Enrique Morente era un enamorado de Sevilla, ciudad donde no fue muy bien tratado durante dos décadas por la crítica mairenista. Tenía su grupito de seguidores, pero le costó entrar en la capital andaluza. Recuerdo que tuve problemas cuando comencé a escribir en serio sobre él, que fue antes de conocerlo personalmente. Cuando venía a cantar a Sevilla iba a escucharlo y me gustaba, aunque no era mi favorito. A mediados de los setenta me gustaban bastante más Camarón, Juanito Valderrama o Turronero. Pero ya entonces sabía que su cante era otro mundo, que aportaba cosas interesantes. Lo dije muchas veces y los puristas de Sevilla me querían cortar la yugular. Entre ellos, algún que otro cantaor que incluso llegó a decir que yo le estaba haciendo daño al cante. Morente también, claro. El maestro tenía entonces algo más de treinta años, o sea, que era un chaval. Un cantaor joven que había demostrado ya lo bien que hacía el cante más clásico, desde los estilos chaconianos hasta los de Matrona o Bernardo el de los Lobitos.
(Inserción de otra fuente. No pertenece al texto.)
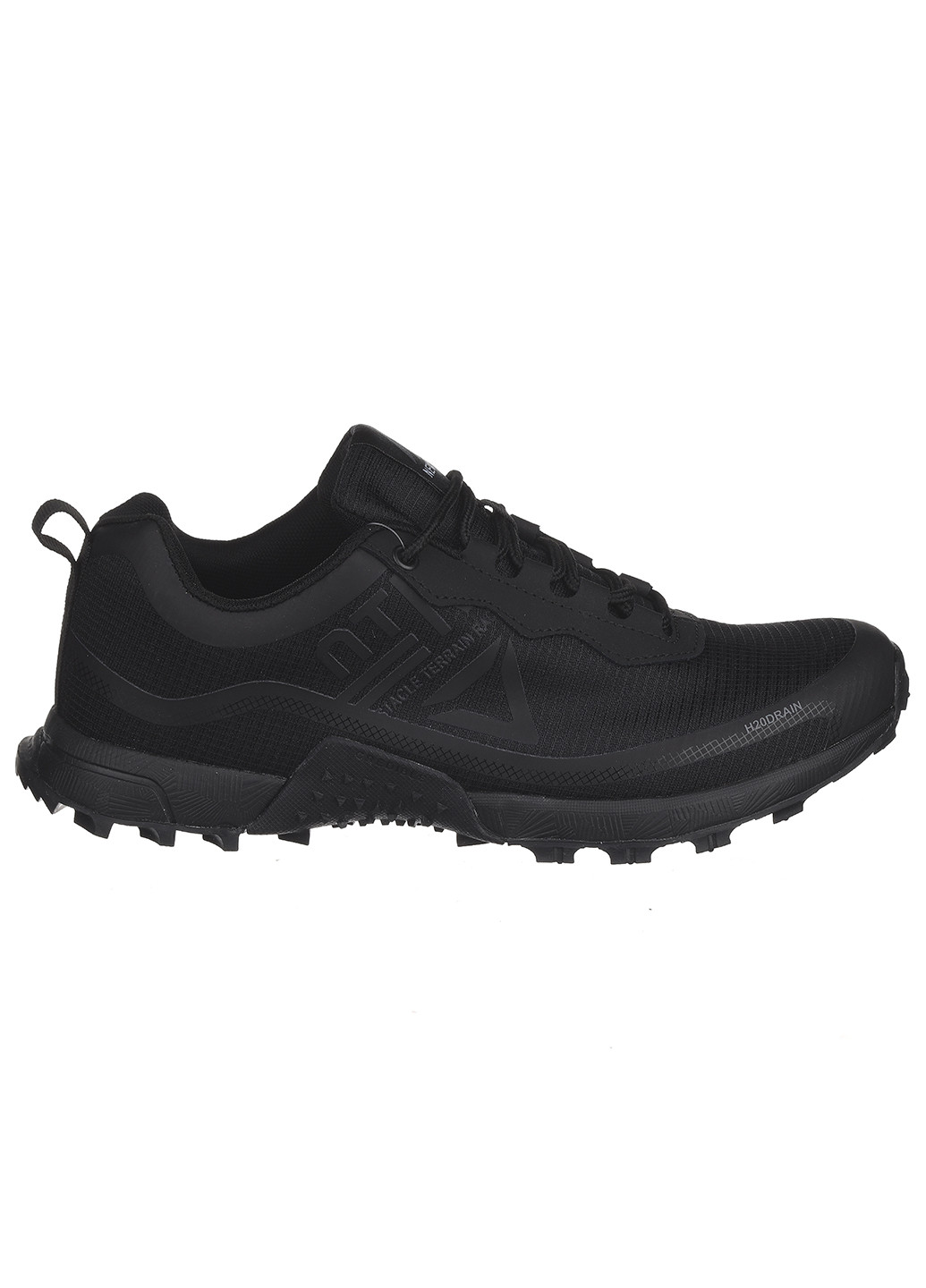 Черные демисезонные мужские кроссовки а5268-2 Yike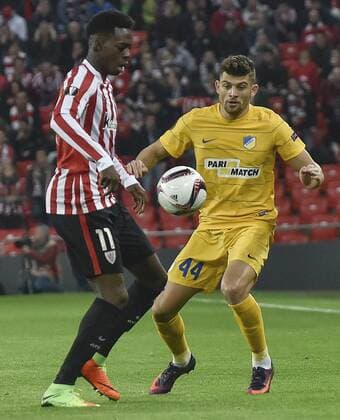 Football, EL, Athletic Bilbao - APEOL Nicosia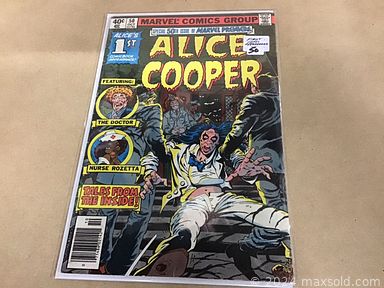 MaxSold Auction: This online auction features Asian lacquer bowl, Coca-Cola collectibles, Star Wars collectibles, train cars, autographed collectibles, comics, Star Trek collectibles, LOTR gaming cards, board games, vintage magazines, Pokemon cards, Legos, toys, sports trading cards, graphic novels, Inuit art prints, and much, much, more!!!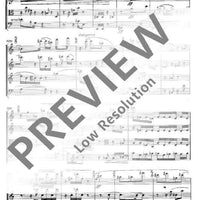 2. String quartet - Full Score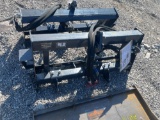 Land Honor Skid Steer 3 Point Hitch Adapter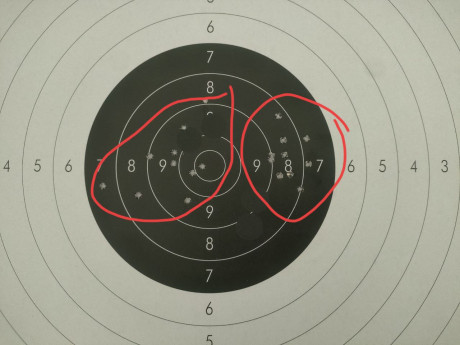 Muy buenas, recientemente he adquirido una carabina TOZ del calibre 22lr y estoy empezando a tirar con 00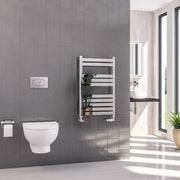 Eastbrook Defford 800 x 500 Towel Rail Chrome
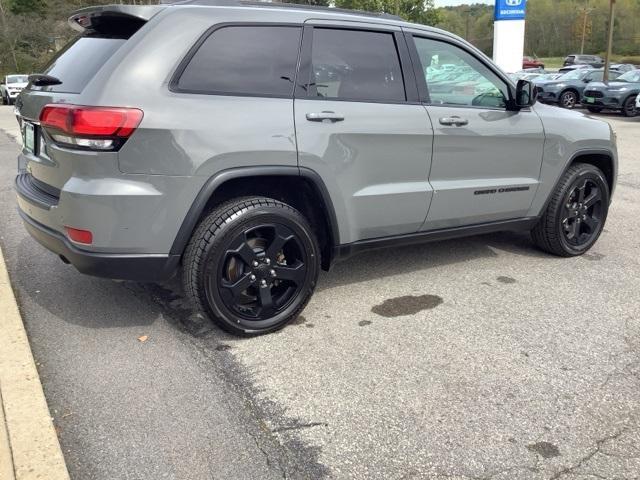 used 2021 Jeep Grand Cherokee car, priced at $24,500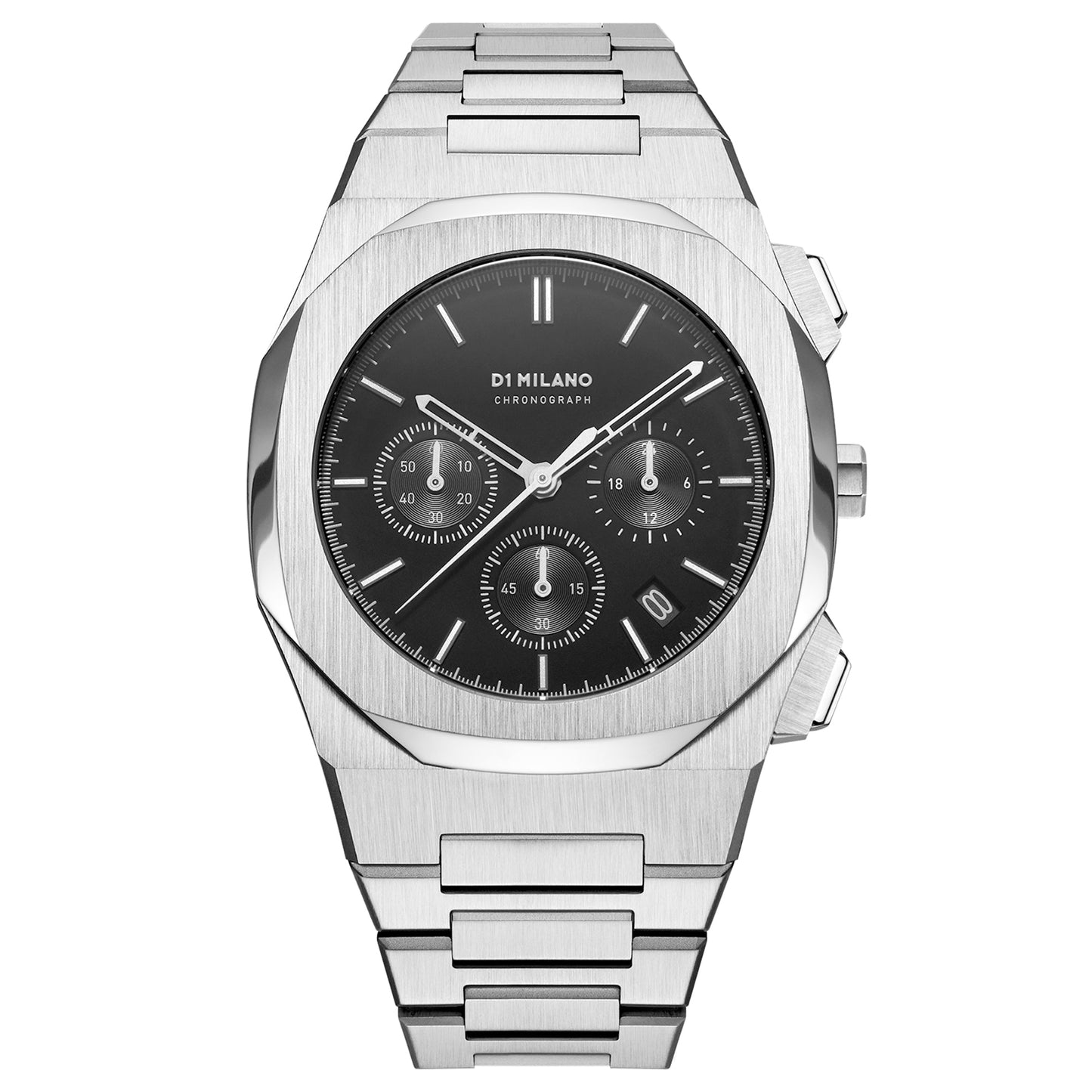 D1 MILANO Chronograph 41.5 MM Black CHBJ01 - Lam Workshop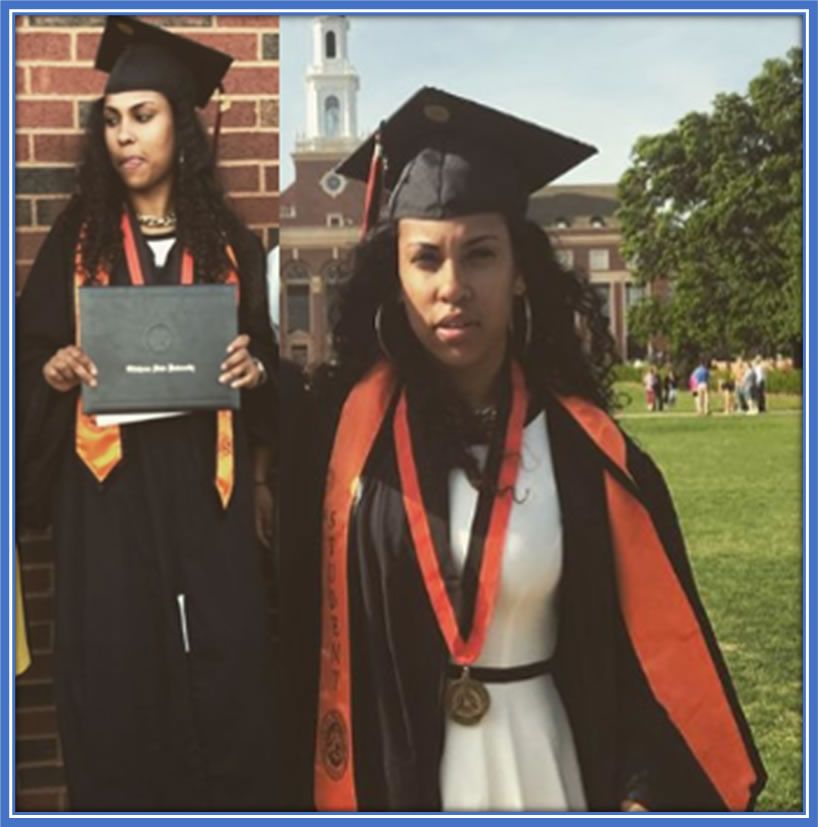 Coumba Sow graduated from Oklahoma State University with a degree in business.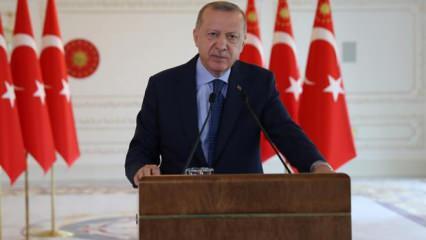 Cumhurbaşkanı Erdoğan'dan 'Muhtarlar Günü' mesajı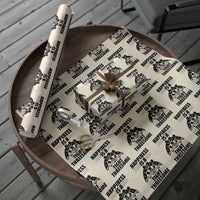 Dirty Joke Darts Gift Wrapping Paper Roll Darts Happiness Is A Tight Threesome - Wonder Print Shop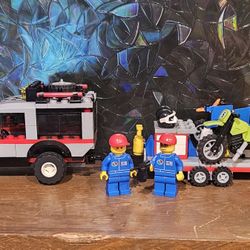 Lego City - Dirt Bike Transport # 4433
A Enrique le gustaba pasear por Triana y la Alameda de Hércules, que eran para él los territorios jondos de Sevilla, como para la inmensa mayoría de los aficionados del mundo. Uno de sus maestros, Matrona, no era trianero de nacimiento, pero vivió años en Triana y conocía muy bien todo el cante del arrabal. Paseabas con Enrique por el barrio y parecía que se había criado en la calle Pureza. “Aquí me dijo Pepe que vivió La Sarneta”, me dijo una noche al pasar por la calle Pagés del Corro. Y si íbamos por la Alameda, su obsesión eran Pastora y Tomás. “¿Te imaginas que vamos por aquí y nos encontramos a Tomás?”, me preguntó una de esas noches que solíamos pasear por Sevilla en compañía de amigos comunes como Antonio Badía, Rafel Arjona o el bailaor trianero Paco Vega.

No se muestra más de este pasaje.